Chapter Three is entitled "Constructivism and the Nature of Science: Teaching, Research and the Second Research Question". This chapter addresses the philosophical underpinnings of the research, and the thesis that represents it. Constructivism, in its many forms (Geelan, 1997a), is influential in three main ways in this research project. First, the innovations and approaches that were valued by the developers of the program at Arcadia school, that the teachers were attempting to implement, and that were a key focus of my research interest, were based in a constructivist epistemological perspective on learning. Second, my own teaching, more so than that of my colleagues due to earlier experiences, was based in a constructivist/relativist epistemology and a social constructionist perspective on learning. The dissonances between my own constructivist commitments and those of my colleagues became important in the course of the research. Third, the epistemological and ontological perspectives that underpin the research activity itself were explicitly constructivist in nature. Indeed, it could not be otherwise: as Steier (1995) has pointed out, a research approach which seeks to 'objectively' study the construction processes of others is 'naive' - it ignores the researcher's own construction processes. This chapter attempts to clarify the relationships between these three constructivist influences on the research, but it is also intended to outline my own perspective on constructivism as a referent (Tobin & Tippins, 1993) for teaching and learning in science. I have structured the first part of the chapter as a discussion of the work of four key theorists/researchers: Paul Feyerabend, Jack Whitehead, Peter Taylor and Frederick Steier. This approach is intended to acknowledge the intellectual debt I owe to each of these authors, and to point readers back to the sources from which my current understandings were derived. The second section of the chapter attempts to tease out my own perspective, which I have described as 'value-driven eclecticism', and to explore its interaction with the three areas of influence discussed above. As part of this section, I discuss my use of logic, rhetoric and dialectic as approaches to persuasion.

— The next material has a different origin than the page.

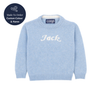 Light blue sweater with 'Jack' knitted on it, featuring the Corgi brand logo.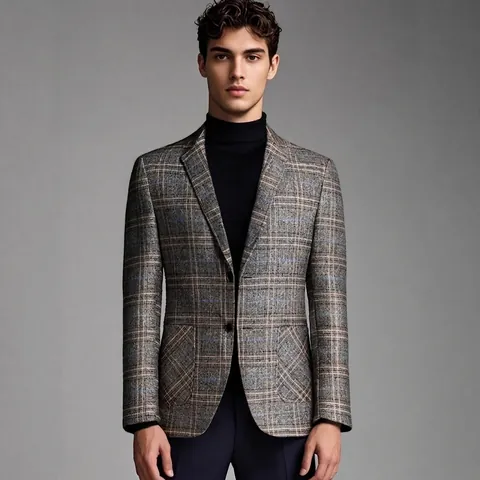 Veste de Blazer à Carreaux pour Hommes Mélange de Lin Revers Cranté Costume à Boutonnage Simple pour Fête Décontractée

Chapter Four - Places to Stand, Ways to Look: Approaches and Methods and the Third Research Question - is in a sense the heart of the thesis. Both because the third research question is explicitly concerned with methodological issues, and because the methodology is the most novel (no pun intended) part of the research project, the explication of the methodological approach I have chosen/constructed, and the value judgements that informed that selection/development, is crucial to the argument. The research methodology draws on the ethnographic work of John van Maanen (1988, 1995), Jean Clandinin and Michael Connelly's 'narratives of experience' (1988, 1995, 1996) and the hermeneutic phenomenological approach to human science inquiry described by Max van Manen (1990, 1991). It also explicitly values van Manen's (1991) 'tact of teaching' or 'pedagogical thoughtfulness'. Robert Donmoyer (1997, March) asserts that the argument about research methodologies, loosely referred to as the qualitative/quantitative debate, can be more productively considered as being about the purposes for which research is conducted than about methodologies. In accordance with that approach, Chapter Four outlines the purposes for which the research was conducted, and discusses the appropriateness of the methodological approach to these purposes. This chapter also addresses issues relating to Denzin and Lincoln's (1994) 'crises of representation and legitimation', and explores the tensions within which the narrative nets that comprise this thesis are woven.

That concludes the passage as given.